As its only 45 USD I decided to buy the SAP-4s (2013 version in blue).
  Going to match it up with a Colorfly C3 and HD 25-II .
   
  I'll report back when I have received the DAP and the amp.


----------



## dh0licious

Cool. Eagerly awaiting your review!


----------



## Warrior4Jah

Well I have the amp hooked up on my C3 for a few days now; however sometimes it does not switch on; unless I connect it to a power source for a second.
  After that it stays on fine; I will try charging it for a longer while to see if it is just the battery not not received a good charge yet or something else.
   
  I'm trying to check if it sounds different with the SMSL sap 4s amp; but the differences are quite marginal at best. To be honest, I can't really tell if it sounds better with SAP4SL.
 It sounds a tiny bit different though, but its so subtle I cannot really describe it. Also I don't hear any hiss at normal and loud volumes.
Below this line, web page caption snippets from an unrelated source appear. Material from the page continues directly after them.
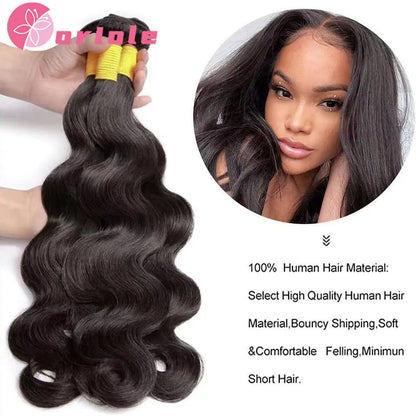 Brazilian Body Wave Human Hair Bundles Natural Hair Weave 1/3/4 Bundles Deal 8-32Inch 100% Human Hair Wigs Remy Hair Extensions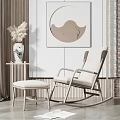 Modern Rocking Lounge Chair With Ottoman Circular Mountain Painting And Woven Texture Decor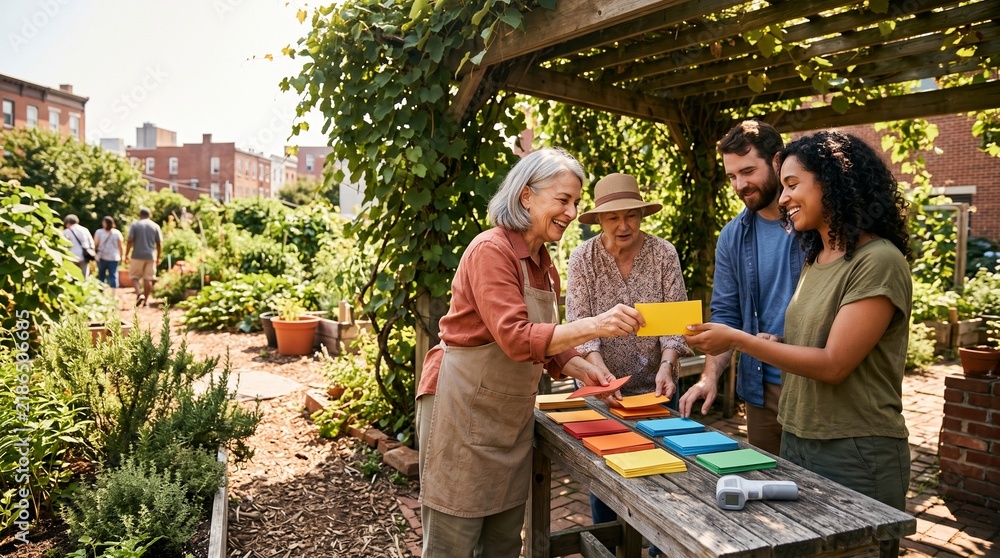 Obraz premium Neighbors sort heat observations in a community garden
 I am wondering though; people are reporting that the C3 player will go to the next level when paired with the C&C BH amp; well that does not seem the case with the SMSL.
 Thats not a bad thing as the C3 sounds very good already and music can be played at much louder volume without degraded sound quality.
  It looks quite nifty stacked with a C3 and the SMSL cable is nice too.
   
  I am also planning to get the C&C BH and the Superlux 668B headphone, but that will atleast take another 4 weeks. I also have an IEM from Sony, which I got with my xperia Z smartphone (removed filter mod) and the Hisoundaudio Flamenco (not burned in yet) to test with the C3 without and with amp .


----------



## mosshorn

I have the SAP4S. It's not bad. The size is awesome, there's a small amount of hiss but it's only noticeable on sensitive IEMs.


----------



## Warrior4Jah

Yes, the size is great! 
 

(edit) Added some enters


----------



## Warrior4Jah

Quote: 





mosshorn said:


> I have the SAP4S. It's not bad. The size is awesome, there's a small amount of hiss but it's only noticeable on sensitive IEMs.


 
  I connected the Sony MH EX300 and the Hisoundaudio Flamenco IEMS, the background is not totally black, when connected to the amp.
 But thats only noticable when not playing music. It is totally black when I connect my Sennheiser HD 25-II.
   
  About the SAP4S; my unit is defective... it only holds a charge for a few hours after being fully charged. Switching it off and the next morning it is dead and has to be recharged again.
  Sending it back would cost me almost half of a new unit .


----------



## mosshorn

Maybe try replacing the battery if you can find one. That's my only guess, since mine has a battery life well over 50hrs (or so I think)


----------



## Warrior4Jah

Quote: 





mosshorn said:


> Maybe try replacing the battery if you can find one. That's my only guess, since mine has a battery life well over 50hrs (or so I think)


 
  That might be a good idea, the seller however offered to pay for shipping. Not sure what I'll do yet.
  He did however state that switching on the unit while charging will damage battery, which I accidently did when I gave it the first charge cycle.


----------



## Twinster

warrior4jah said:


> That might be a good idea, the seller however offered to pay for shipping. Not sure what I'll do yet.
> He did however state that switching on the unit while charging will damage battery, which I accidently did when I gave it the first charge cycle.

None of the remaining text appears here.